Below is the detail stacktrace
Building dataflow accelerator from brevitas_cnn2.onnx
Intermediate outputs will be generated in /tmp/finn_dev_pbk
Final outputs will be generated in output_final
Build log is at output_final/build_dataflow.log
Running step: custom_step_add_pre_proc [1/21]
Running step: custom_step_add_post_proc [2/21]
Running step: step_qonnx_to_finn [3/21]
Running step: step_tidy_up [4/21]
Running step: step_streamline [5/21]
Running step: step_convert_to_hw [6/21]
Running step: step_create_dataflow_partition [7/21]
Running step: step_specialize_layers [8/21]
Running step: step_target_fps_parallelization [9/21]
Running step: step_apply_folding_config [10/21]
Running step: step_minimize_bit_width [11/21]
Running step: step_generate_estimate_reports [12/21]
Running step: step_hw_codegen [13/21]
Running step: step_hw_ipgen [14/21]
Traceback (most recent call last):
File "/home/pbk/git-projects/embedded-social-infra/finn/src/finn/builder/build_dataflow.py", line 158, in build_dataflow_cfg
model = transform_step(model, cfg)
File "/home/pbk/git-projects/embedded-social-infra/finn/src/finn/builder/build_dataflow_steps.py", line 573, in step_set_fifo_depths
model = model.transform(
File "/home/pbk/git-projects/embedded-social-infra/finn/deps/qonnx/src/qonnx/core/modelwrapper.py", line 140, in transform
(transformed_model, model_was_changed) = transformation.apply(transformed_model)
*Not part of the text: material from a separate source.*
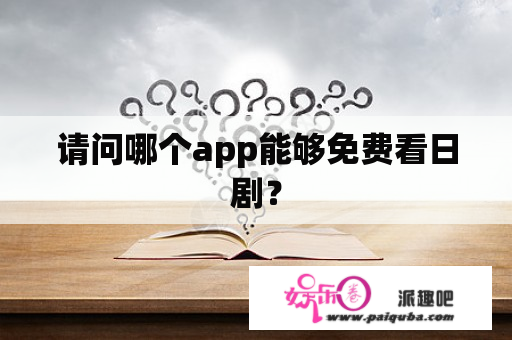 请问哪个app能够免费看日剧？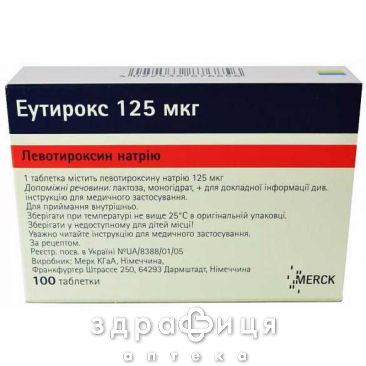 Эутирокс таб 125мкг №100 таблетки для щитовидки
File "/home/pbk/git-projects/embedded-social-infra/finn/src/finn/transformation/fpgadataflow/set_fifo_depths.py", line 301, in apply
model = model.transform(InsertFIFO(create_shallow_fifos=True))
File "/home/pbk/git-projects/embedded-social-infra/finn/deps/qonnx/src/qonnx/core/modelwrapper.py", line 140, in transform
(transformed_model, model_was_changed) = transformation.apply(transformed_model)
File "/home/pbk/git-projects/embedded-social-infra/finn/src/finn/transformation/fpgadataflow/insert_fifo.py", line 115, in apply
fld_shape = n0.get_folded_output_shape()
File "/home/pbk/git-projects/embedded-social-infra/finn/src/finn/custom_op/fpgadataflow/streamingdatawidthconverter.py", line 124, in get_folded_output_shape
dummy_t = dummy_t.reshape(new_shape)
ValueError: cannot reshape array of size 784 into shape (1,7,7,0,28)
Running step: step_set_fifo_depths [15/21]
> /home/pbk/git-projects/embedded-social-infra/finn/src/finn/custom_op/fpgadataflow/streamingdatawidthconverter.py(124)get_folded_output_shape()
122 new_shape.append(int(ochannels // oelems))
123 new_shape.append(oelems)
--> 124 dummy_t = dummy_t.reshape(new_shape)
125
126 return dummy_t.shape
Steps to Reproduce
from finn.util.pytorch import ToTensor
from qonnx.transformation.merge_onnx_models import MergeONNXModels
from qonnx.core.modelwrapper import ModelWrapper
from qonnx.core.datatype import DataType
import finn.builder.build_dataflow as build
from qonnx.transformation.insert_topk import InsertTopK
import onnx
import torch
from pathlib import Path
import finn.builder.build_dataflow as build
import finn.builder.build_dataflow_config as build_cfg
import os
import shutil
def custom_step_add_pre_proc(model: ModelWrapper, cfg: build.DataflowBuildConfig):
ishape = model.get_tensor_shape(model.graph.input[0].name)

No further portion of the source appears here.